Park v. Stanford
2011 UT 41
Utah2011Background
- In 1994, Stanford and Buckway agreed Snowmass, L.C. would buy Parks' commercial property; Snowmass later substituted as purchaser.
- Stanford and Buckway as guarantors executed a personal guaranty limited to $500,000 on the Note; Snowmass was borrower.
- After amendments, notices of default could be sent to Stanford as guarantor; Buckway later ceased involvement and Stanford became sole member of Snowmass.
- Parks sued Stanford in 2002 to recover on his personal guaranty after Snowmass defaulted on the Note.
- Parks sought summary judgment arguing payments to the Parks were not to be credited toward Stanford’s guaranty.
- Stanford contended he paid over $750,000 as guarantor and intended those payments to satisfy the guaranty; he offered numerous notices and various checks as evidence.
- Court of Appeals adopted a rule requiring a prior agreement or contract to credit guaranty payments; the Utah Supreme Court granted certiorari to adopt a different rule.

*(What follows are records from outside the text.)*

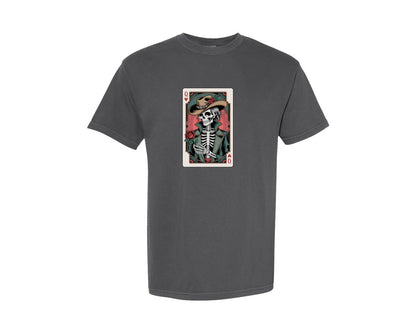 brand:Comfort Colors|color:Pepper|Queen Of Hearts Tarot Card Halloween Graphic T-Shirt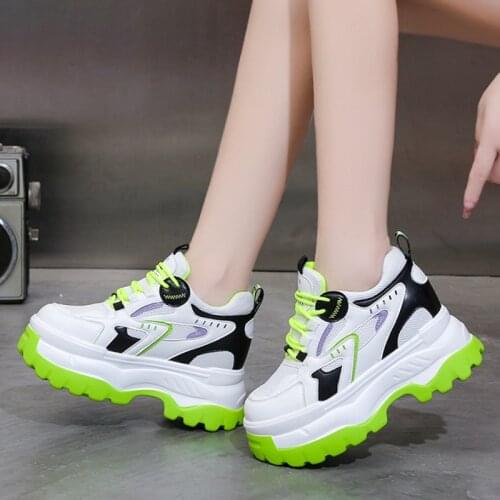Womens Vulcanize Shoes Brand Platform Sneakers Women Fashion Internal Increase Shoes Woman 2021 New Casual Chunky Heels Sneaker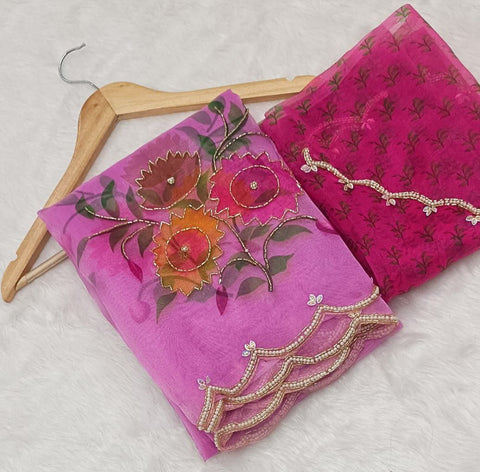 Purple Color Organza Printed Khatli Work Saree Blouse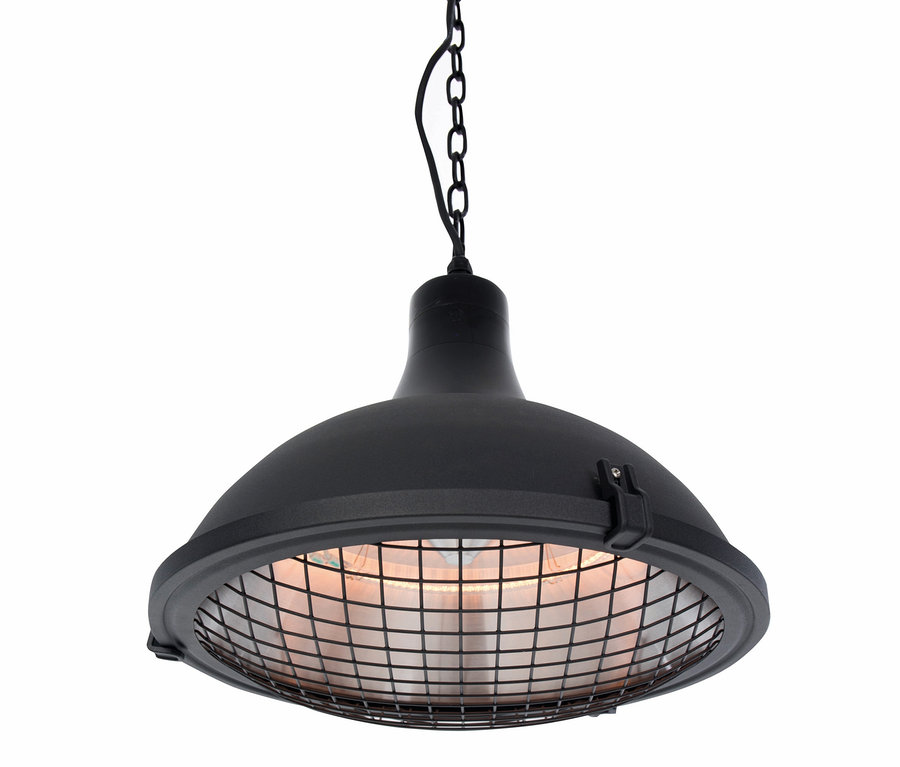 Ein schwarzer Sunred-Deckenstrahler »Indus II Hanging 2100« hängt an einer Kette.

- The Supreme Court adopts a reasonable-basis rule: a guarantor’s payments may be credited toward the guaranty if the recipient has a reasonable basis to know the payments were made in satisfaction of the guaranty; remands for record development.
Issues
| Issue | Plaintiff's Argument | Defendant's Argument | Held |
|---|---|---|---|
| Whether guarantor payments can be credited absent a prior agreement | Parks lack of agreement should not bar credit. | Stanford argues payments should be credited under practice or intent. | Reasonable-basis rule adopted; no preclusion by absence of agreement. |
| Whether genuine issues of material fact preclude summary judgment | Record shows notices, remitters, and post-suit payments suggest credit toward guaranty. | Record insufficient to prove reasonable basis; summary judgment appropriate. | Genuine issues of material fact exist; remand for record development. |
| What form of notice or remitter evidence suffices to show intent to pay guaranty | Past notices and remittance entries indicate intention to satisfy guaranty. | Ambiguity in remittance and notices; not clearly tied to guaranty. | Court adopts flexible, fact-based reasonable-basis test rather than rigid notice rule. |
Key Cases Cited
- Bayer v. Lugar, 106 A.D. 522, 94 N.Y.S. 802 (N.Y. 1905) (credit if creditor has knowledge payments are guarantor-contributed)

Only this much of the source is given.